Surprisingly, this December, 2014 report confirms lack of staff, numerous errors due to lack of staff, non-performance of physical inspections, inability to collect, maintain, and review current market data, repeated assessment errors, repeated exception and credit errors, outdated equipment and technology, lack of data sharing or cooperation with local governments, lack of supervisory overview or control, lack of uniformity of operations in all offices, and lack of appropriate record keeping or audits to maintain or know the true status of the effectiveness of the Department. In some respects, if we did not know better, we’d say some of it reads astonishing like our own mailings and testimony before the hearing committees. Much of this same report information is staunchly and repeatedly denied and refuted in nine pages of the report by Director Young, as well as in his utterings, media quotes, and testimony against our bills and us, is now, as we see it, arrogantly presented to the Governor and the General Assembly as his departing gesture. To us, it is his admission to what many others and we have been saying for years. True to his defensive form, the Director defiantly defends his actions and positions in the final Q & A pages of the report.
Most astonishing to us is that Director Young probably handpicked, allowed, presided over, and participated with such a sizeable 33-member committee and participants. He and his taxpayer funded/paid lobbyist, in public General Assembly hearings, ridiculed our bills that attempted to provide complete statewide representation on our task force with only one member from each of Maryland’s 24 jurisdictions. They testified that we would “be larger than the Mandel Commission” and that “roll call would take over one half hour to conduct”. It would have been interesting to see how the Director handled each of those enormous tasks, especially with a committee larger than we proposed or either the Budget and Taxation or Ways and Means committees where his snide statements were made.

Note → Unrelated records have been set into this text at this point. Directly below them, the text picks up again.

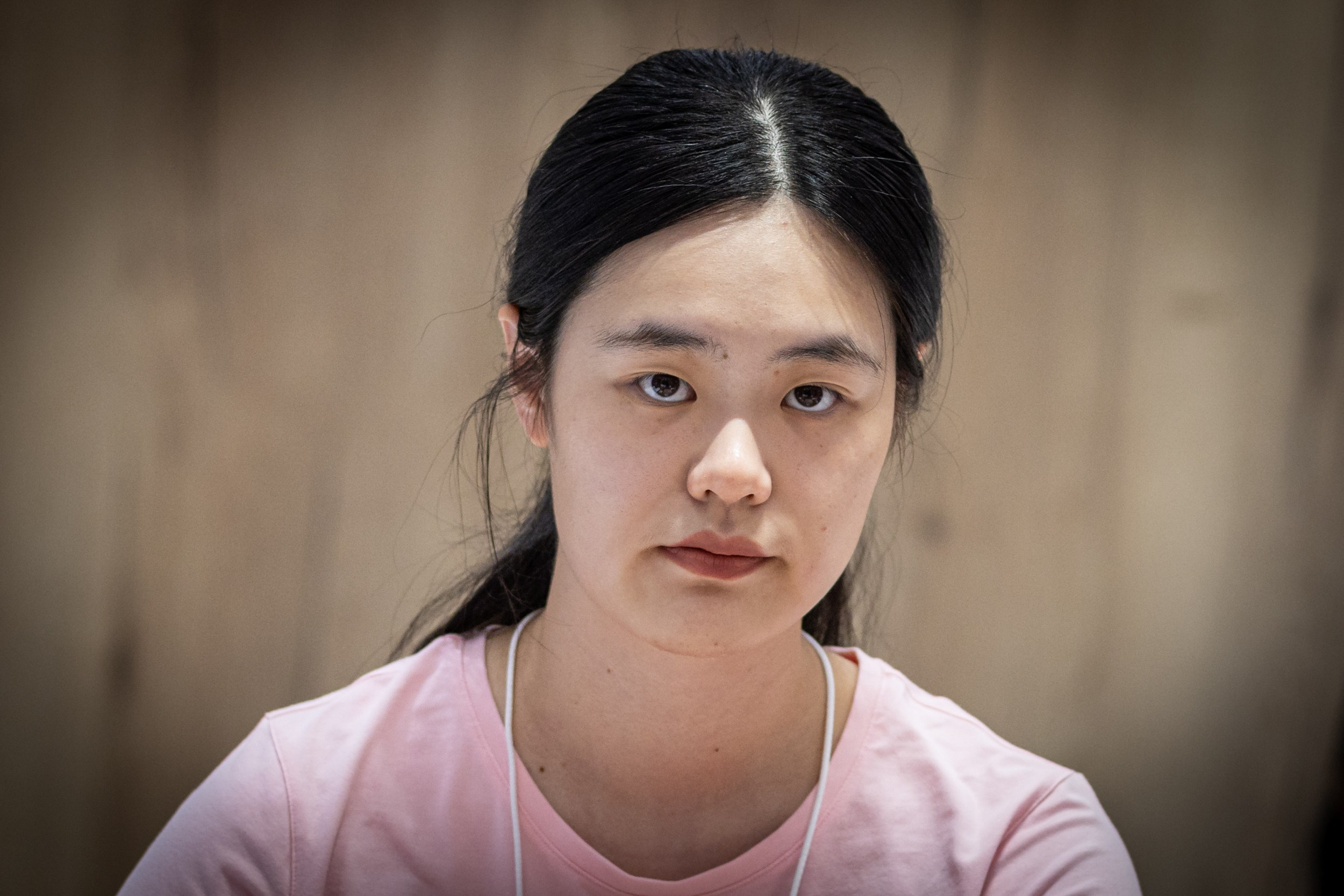 2025.08.29 1st. FUJAIRAH GLOBAL Chess Championship — Round6. Фотограф Анна Штурман (репортажная съёмка любых событий и мероприятий) Anna Shtourman photographer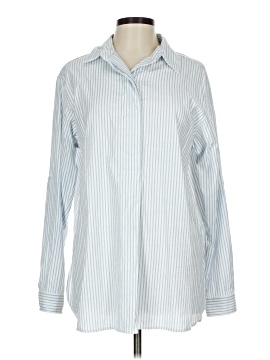 Max Studio Long Sleeve Blouse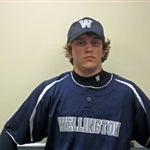 Alex Hunnell mugshot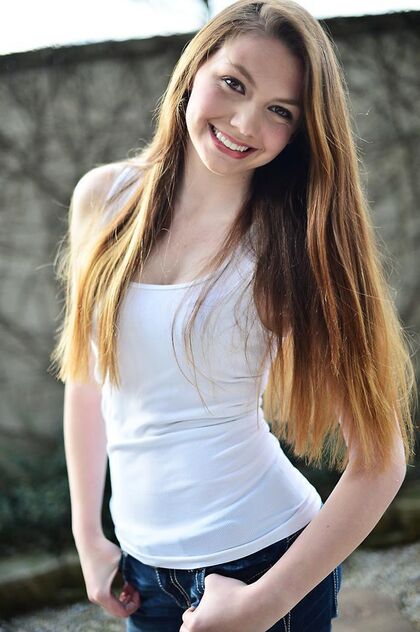 Portfolio photo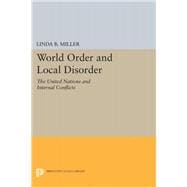 World Order and Local Disorder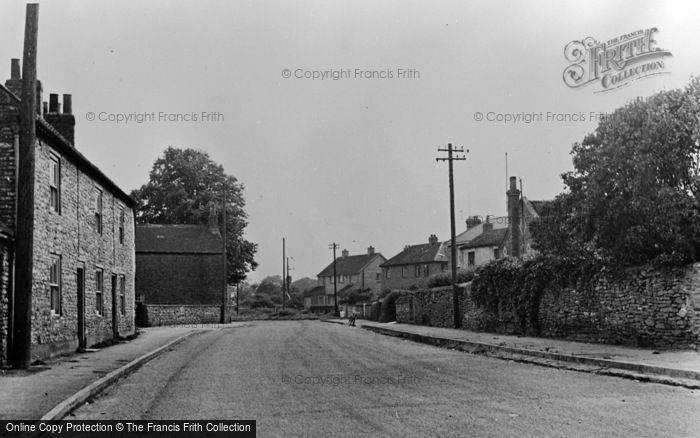Photo of Hotham, Chapel Street c.1955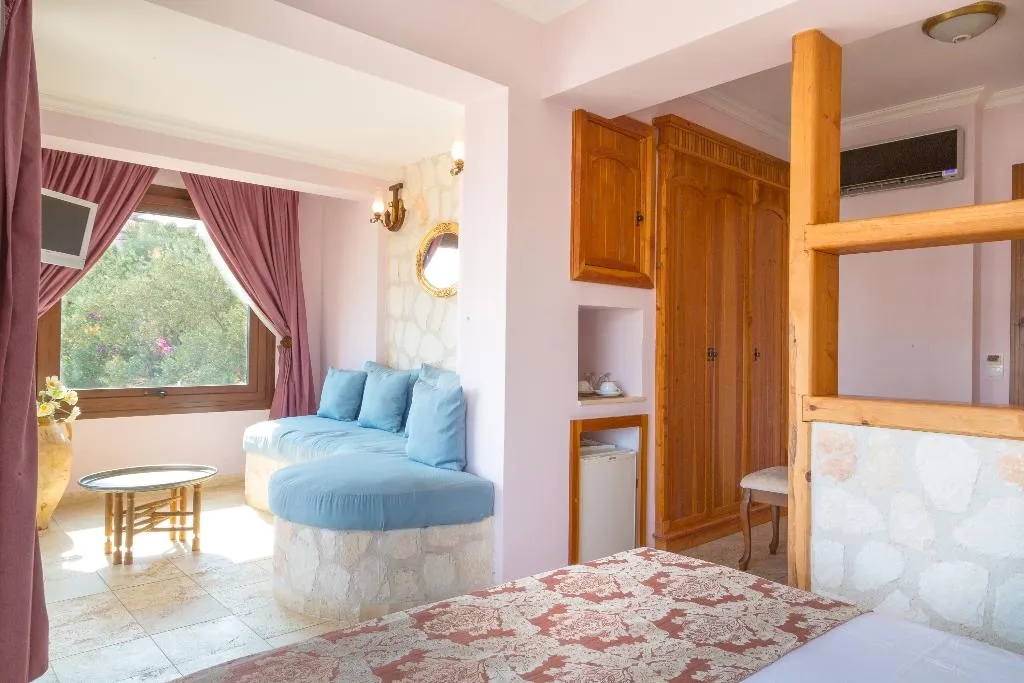 SUITE STANDARD Room, Oasis Hotel Kalkan +16, Dalaman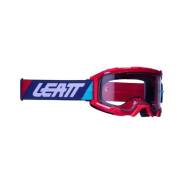   /  Leatt 4.5 V22 Red Clear 83% 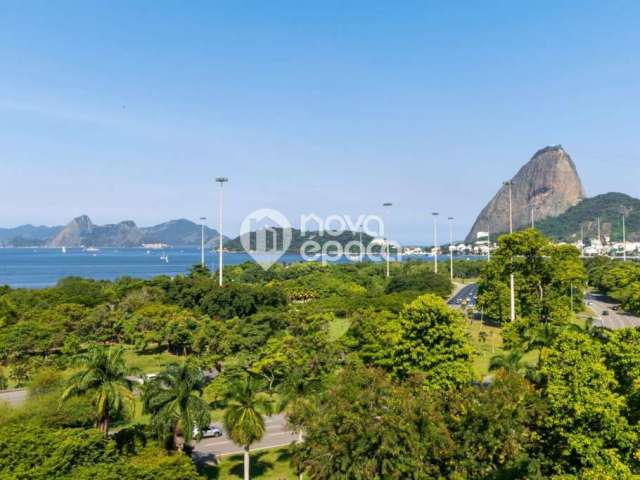 Apartamento com 4 quartos à venda na Praia do Flamengo, Flamengo, Rio de Janeiro, 202 m2 por R$ 2.100.000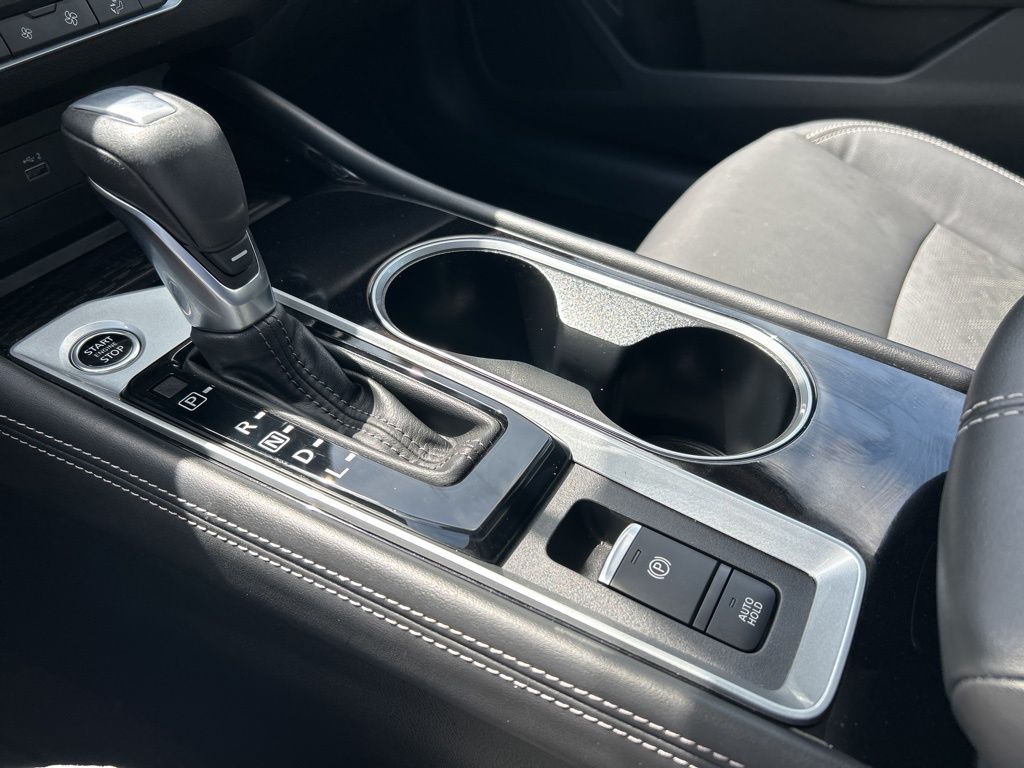 2024 Nissan Altima 2.5 SL photo 31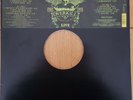 Overkill - Wrecking your Neck Live Doppel LP Green Vinyl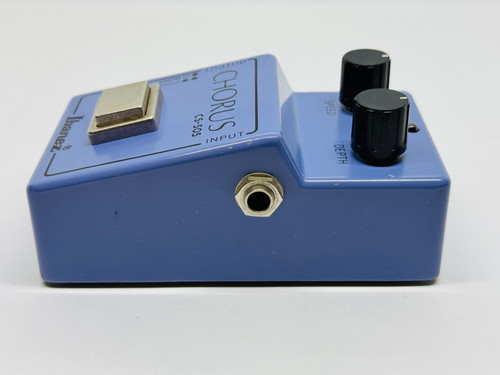 vintage 1981 Ibanez CS-505 Stereo Chorus | PrimoFX LLC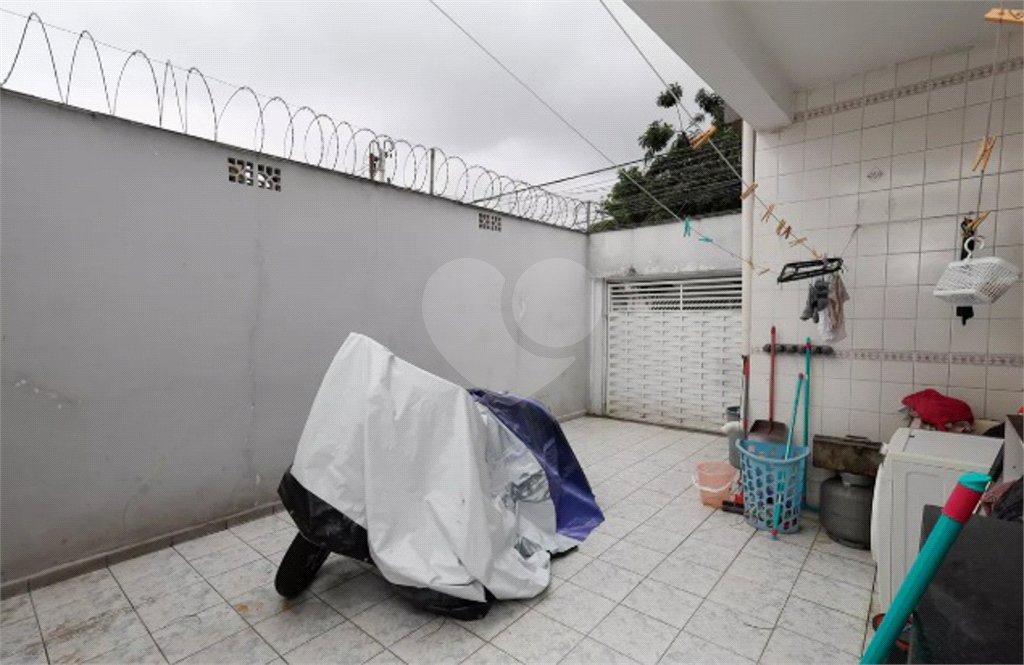 Casa à venda com 4 quartos, sendo 1 suíte, em Parque Edu Chaves, São Paulo, SP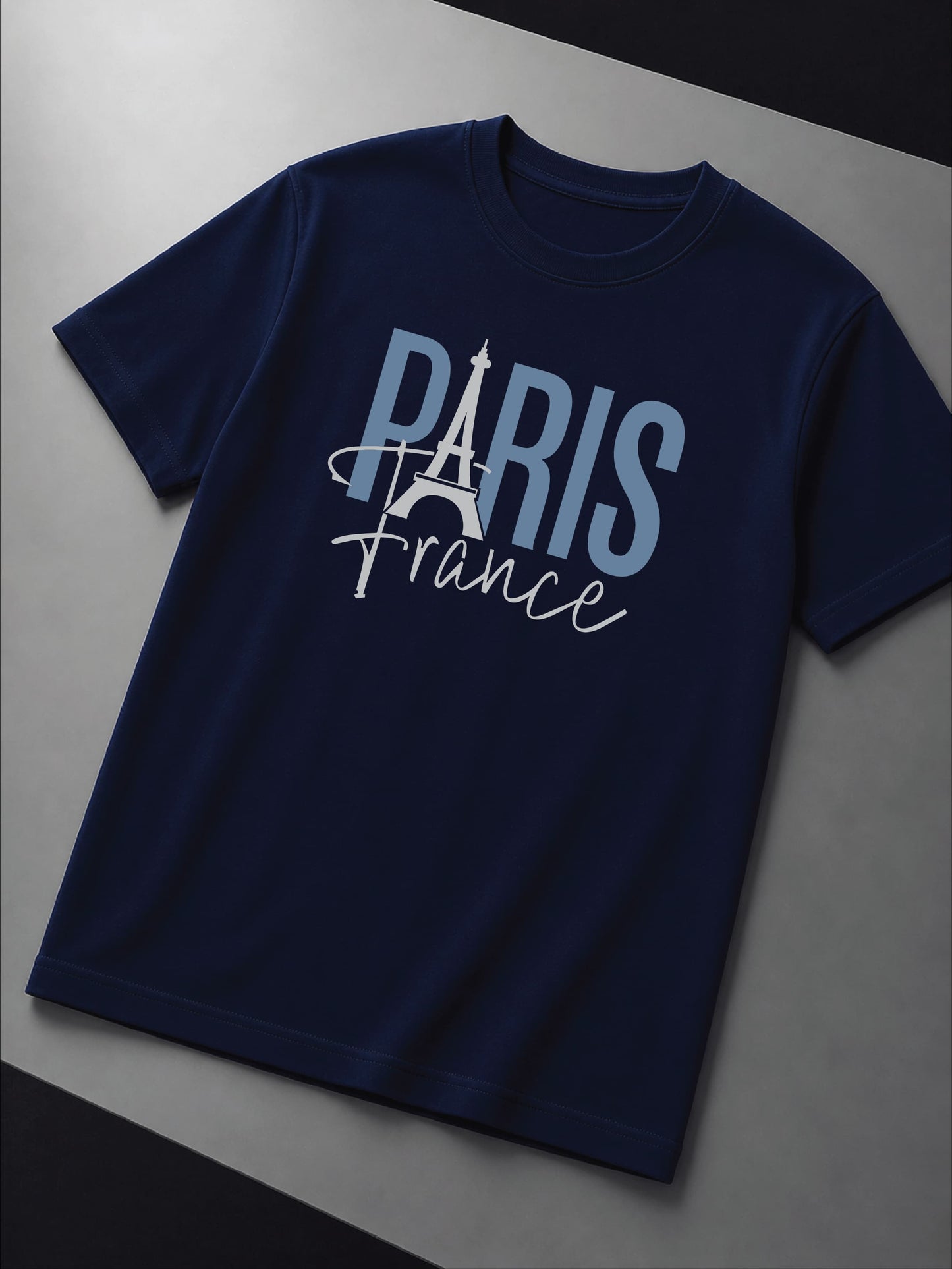 Men's Basic T-shirt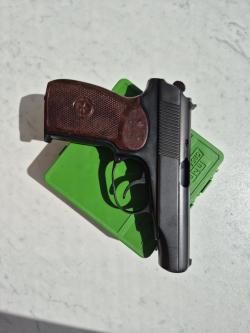 ПМ СХП 1960 год ТОЗ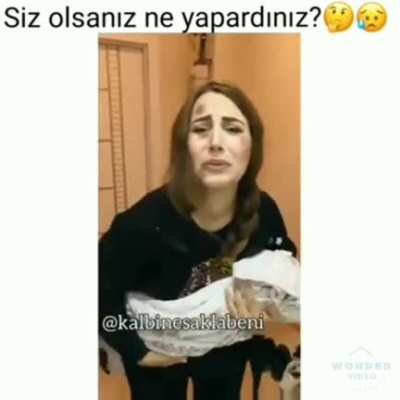 Ben yaptım beyler nasıl :D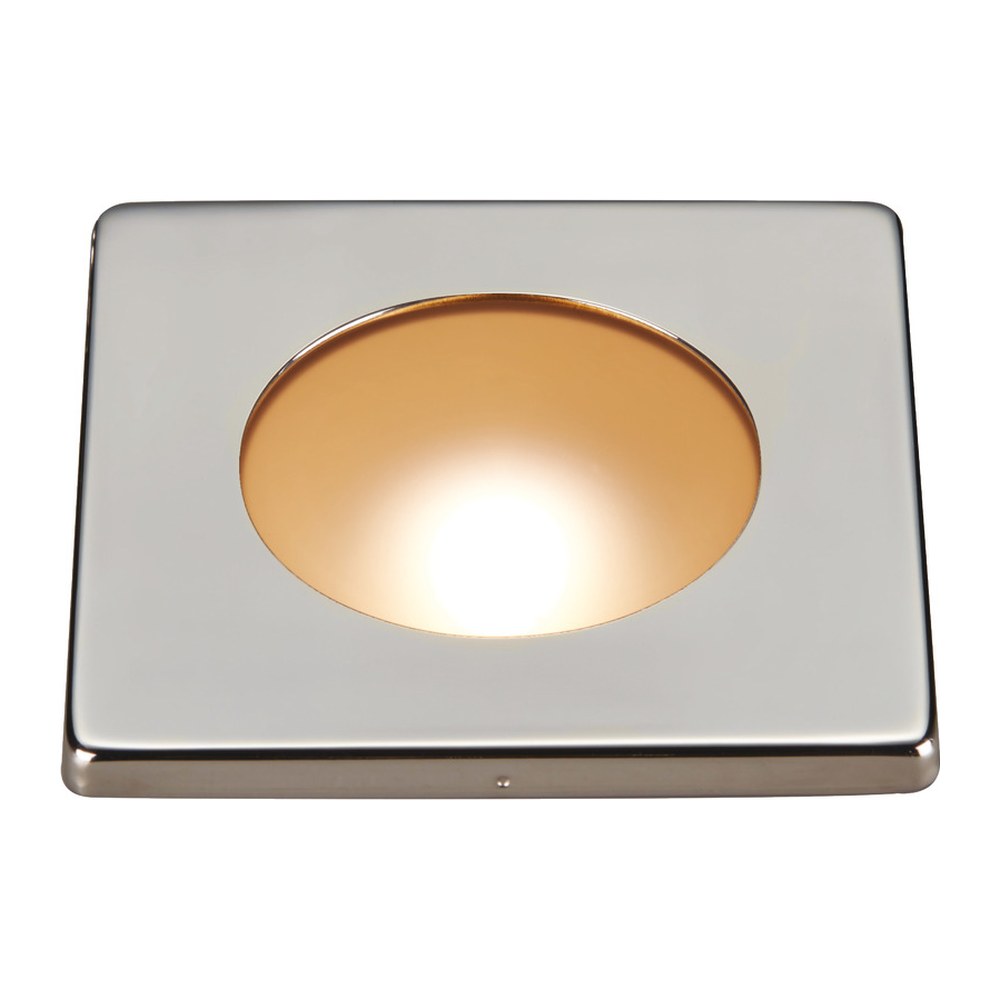 Propus recess LED light white - foto originale Osculati Srl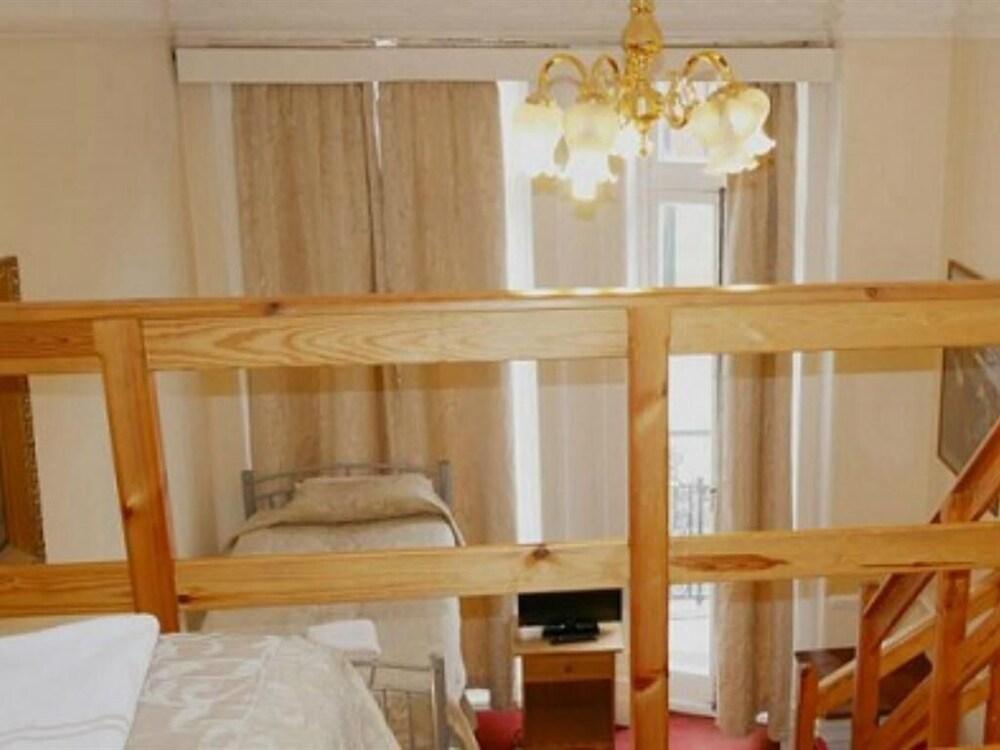 Fotos del hotel - Saint Simeon - HSD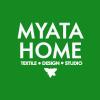  Компания «MYATA HOME- украинский бренд текстиля для дома»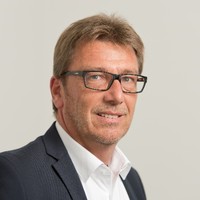 TÜV SÜD Employee Jörg Krämer's profile photo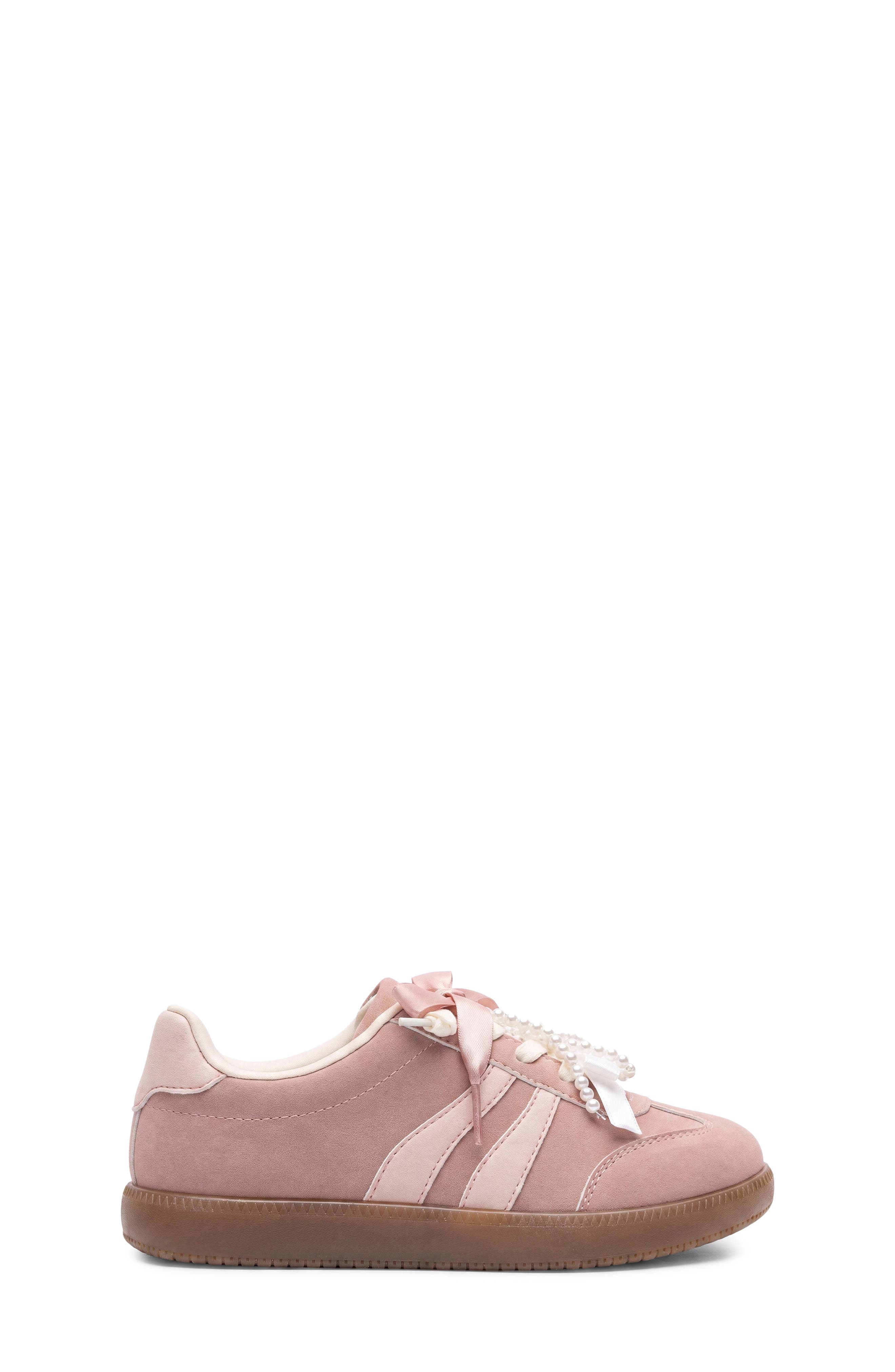 Kids' Miraloo Slip-On Sneaker, Alternate, color, DUSTY ROSE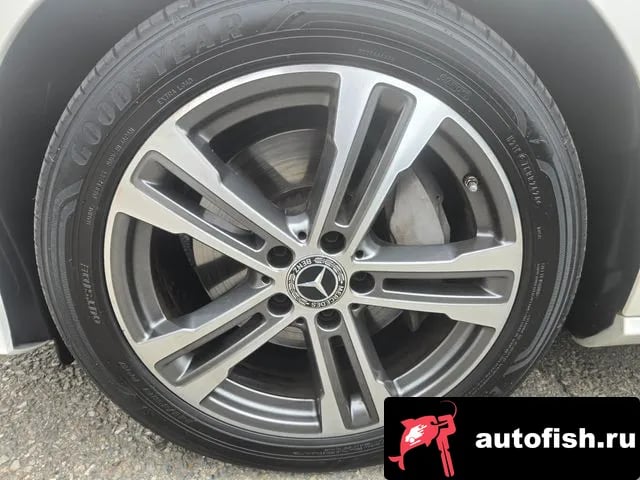 Mercedes-Benz E-Class E-Class W213 2022 года - вид 5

In summary, while we can agree with many of the report findings and recommendations, it lacks total authenticity since it fails to address the bulk of the problems created and perpetuated by SDAT for decades. While we do not profess to have adequately responded to all report elements that may need addressing nor do we think we have adequately addressed all of the ills of this failed department or the mismanagement of SDAT supervisors and staff, we do firmly believe we have unequivocally shown the magnitude of the flaws to warrant that another completely unencumbered and completely impartial task force should look at the entire problem and address all of its issues in finite detail. We taxpayers deserve nothing less??